PROVIDED RECORDS:
-- Opening Marker --

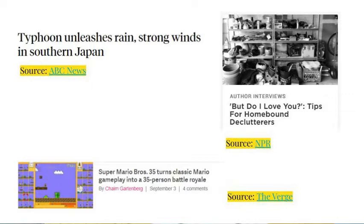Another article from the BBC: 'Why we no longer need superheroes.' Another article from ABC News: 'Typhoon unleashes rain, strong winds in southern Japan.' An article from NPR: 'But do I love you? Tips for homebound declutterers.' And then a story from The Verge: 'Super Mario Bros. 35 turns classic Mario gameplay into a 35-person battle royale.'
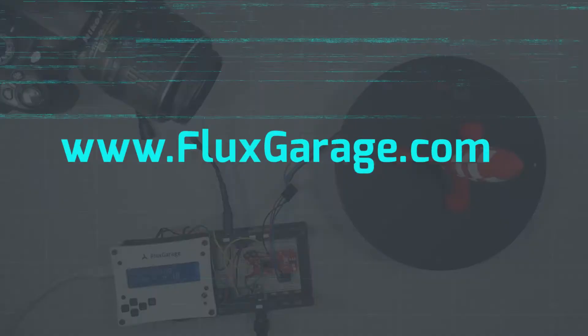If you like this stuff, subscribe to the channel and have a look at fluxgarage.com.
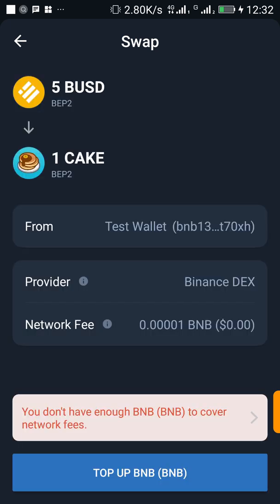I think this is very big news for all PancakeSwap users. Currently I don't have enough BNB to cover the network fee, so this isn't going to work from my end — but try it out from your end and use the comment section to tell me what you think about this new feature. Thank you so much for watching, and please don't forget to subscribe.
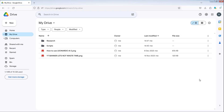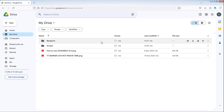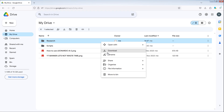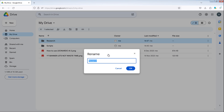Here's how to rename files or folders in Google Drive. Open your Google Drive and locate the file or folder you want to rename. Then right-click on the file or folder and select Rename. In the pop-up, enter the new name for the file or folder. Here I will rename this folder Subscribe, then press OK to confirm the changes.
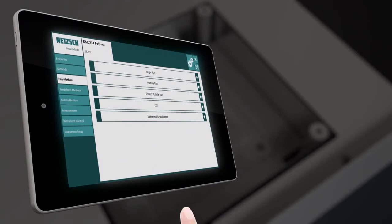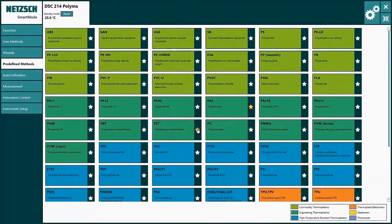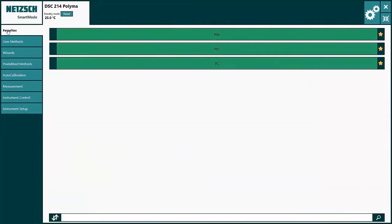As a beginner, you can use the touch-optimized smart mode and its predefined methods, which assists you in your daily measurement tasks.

-- Closing Marker --
-- Opening Marker --

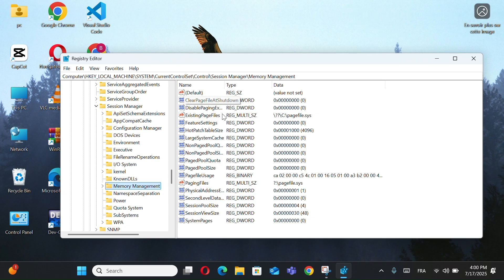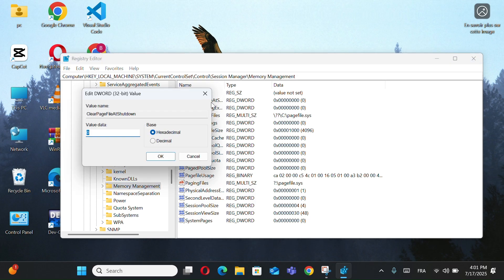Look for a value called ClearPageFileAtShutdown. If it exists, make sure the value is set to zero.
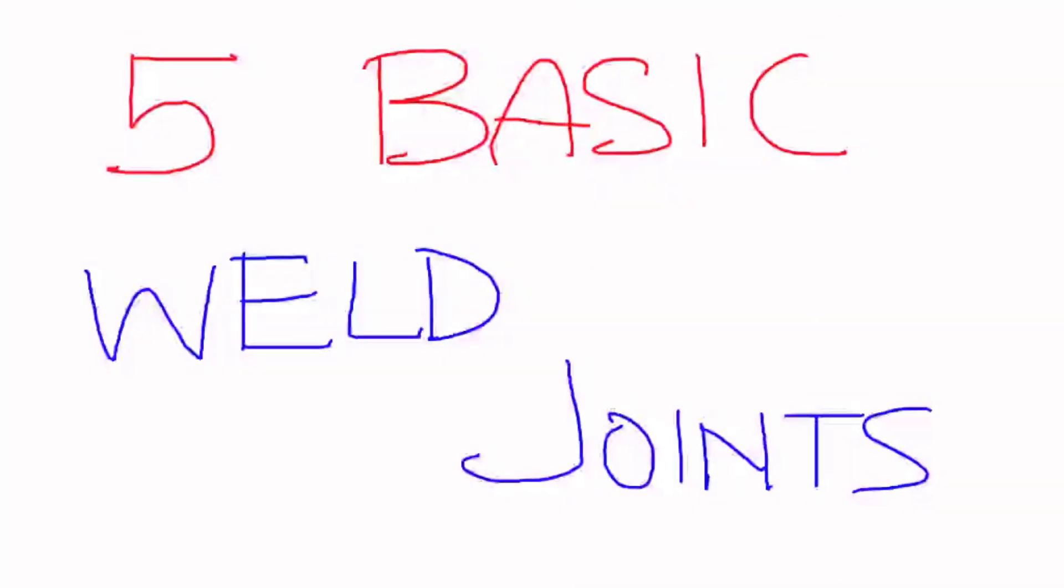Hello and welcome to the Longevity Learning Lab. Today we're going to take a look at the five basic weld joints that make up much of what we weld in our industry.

-- Closing Marker --
-- Opening Marker --

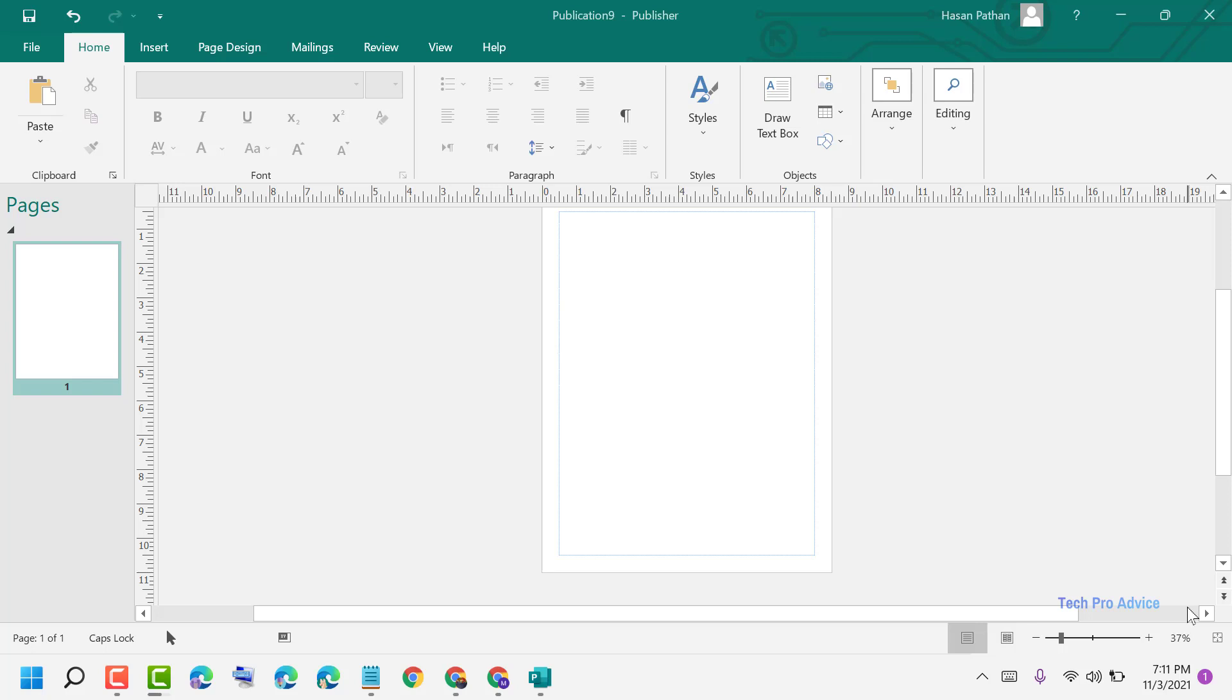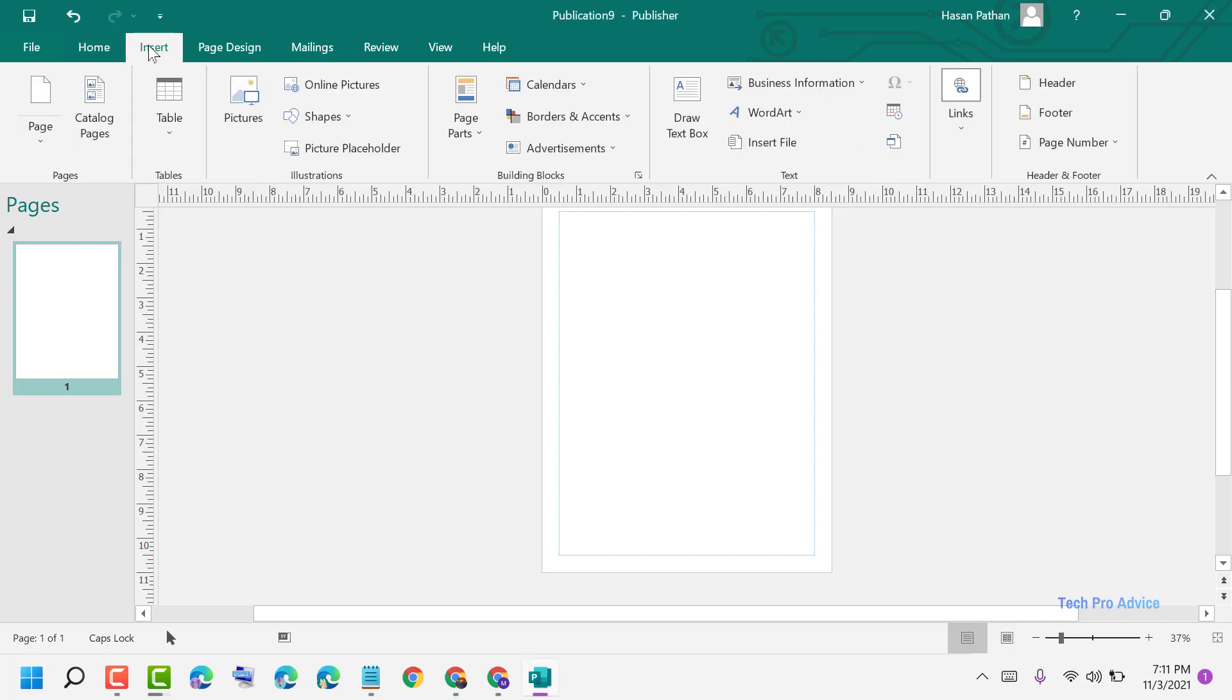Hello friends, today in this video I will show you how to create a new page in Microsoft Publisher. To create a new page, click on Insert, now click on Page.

-- Closing Marker --

WORK INSTRUCTIONS: Using the material above, reproduce only the lines that run from the line with "Another article from the" up to and including the line with "I think this", exactly, with the pictures dropped.

WORKED SOLUTION:
Another article from the BBC: 'Why we no longer need superheroes.' Another article from ABC News: 'Typhoon unleashes rain, strong winds in southern Japan.' An article from NPR: 'But do I love you? Tips for homebound declutterers.' And then a story from The Verge: 'Super Mario Bros. 35 turns classic Mario gameplay into a 35-person battle royale.'
If you like this stuff, subscribe to the channel and have a look at fluxgarage.com.
I think this is very big news for all PancakeSwap users. Currently I don't have enough BNB to cover the network fee, so this isn't going to work from my end — but try it out from your end and use the comment section to tell me what you think about this new feature. Thank you so much for watching, and please don't forget to subscribe.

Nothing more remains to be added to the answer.